How Important Is Material Compatibility in Commercial Roofing?

We briefly cited this in Part 1 of the Commercial Failure Points series, but it’s important to note that commercial roofing isn’t Legos – each piece doesn’t fit with every other piece. Using incompatible materials introduces avoidable failure points that shorten a roof’s lifespan and void potential warranties. To illustrate the importance of using materials that are compatible with each other, below is a list of some common material selection errors we see.

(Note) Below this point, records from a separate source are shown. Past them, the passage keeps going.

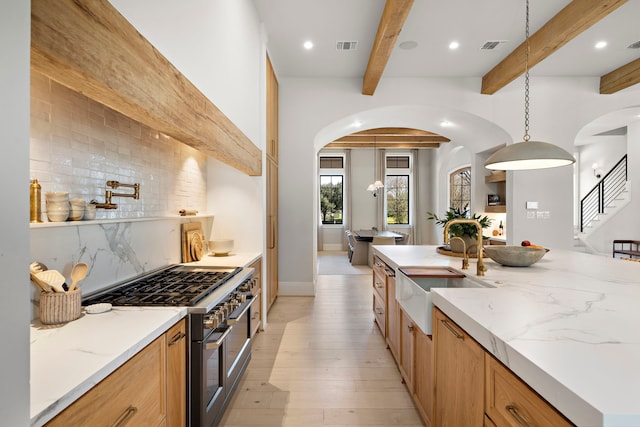 kitchen featuring high end range, tasteful backsplash, sink, beam ceiling, and pendant lighting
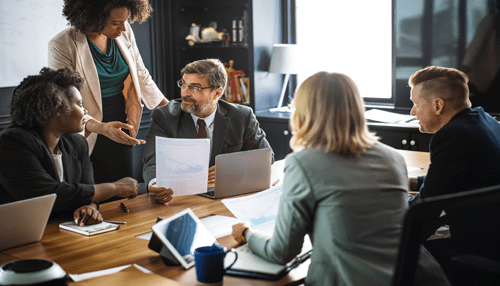 Brainstorming groups creativity in the workplace Diverse business team reviewing documents during a meeting, promoting teamwork and creativity in the workplace.
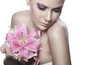 beautiful young sexy woman with flowers on white background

• A TPO membrane requires TPO pipe boots. We often find residential or metal roof pipe boots on single-ply membrane roofs, which will invariably produce a leak in time.
• Adhesives, especially two-part systems, require very specific use temperatures. Many layovers on roofs with strong wind uplift demand strong adhesives. Two-part adhesive systems combine two separate containers to produce a chemical reaction when mixed and sprayed. Attempting to use many adhesive systems below 50 degrees Fahrenheit won’t be effective. For fully adhered systems, the right materials require the right temperature and installation. If your roof is in a perpetually cold climate, consider mechanical fastening or an adhesive that functions in cold weather.
• Low slope roofs require low slope sealant and caulking. There are many reasons for this, but the most obvious reason is that low slope roofing materials are waterproof, while steep slope roofing materials are water shedding. Material designed for a roof that sheds water can’t withstand 48 hours of standing water like low slope roofing materials are designed to.

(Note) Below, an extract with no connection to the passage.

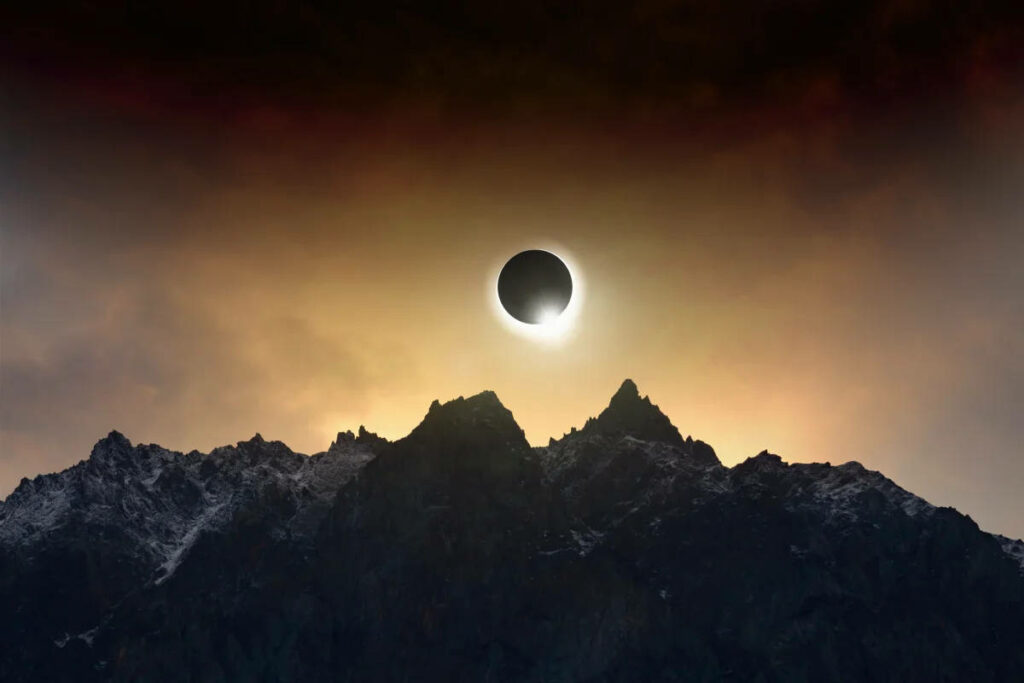 Surreal Solar Eclipse Wallpaper Over Dramatic Cloudy Mountaintop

Summary and Key Takeaways:

• 3 Common Causes of Leaks: This series of articles covers the 3 most common causes of premature roof failure. This article (Part 2) focuses on the ramifications of using inferior-quality roofing materials. Click on the links provided to learn more.

1) Improper installation

2) Inferior roofing materials

3) Poor drainage design

• Material quality produces system durability: No amount of skill can compensate for cheap flashing, sealants, or membranes. Using high-quality components – from pipe boots to drip edge – protects against UV, hail and wind.
• Experience matters: Quality materials still require quality installation to be effective. The best roofing contractors know what needs reinforced, what to prime and with which primer, and which fasteners are needed for your roof deck.
• Cheap bids cut corners: Low-budget roofers can cut corners and offer lower bids because they use low quality and cost flashing materials, waterproofing membranes, and sealants. Yes, they might be able to cover your roof for less upfront cost, but you will likely end up paying more in the long run when your roof begins to leak in 5 to 10 years. Choosing a knowledgeable and reputable roofing contractor today will save you time, money, and headaches in the long run.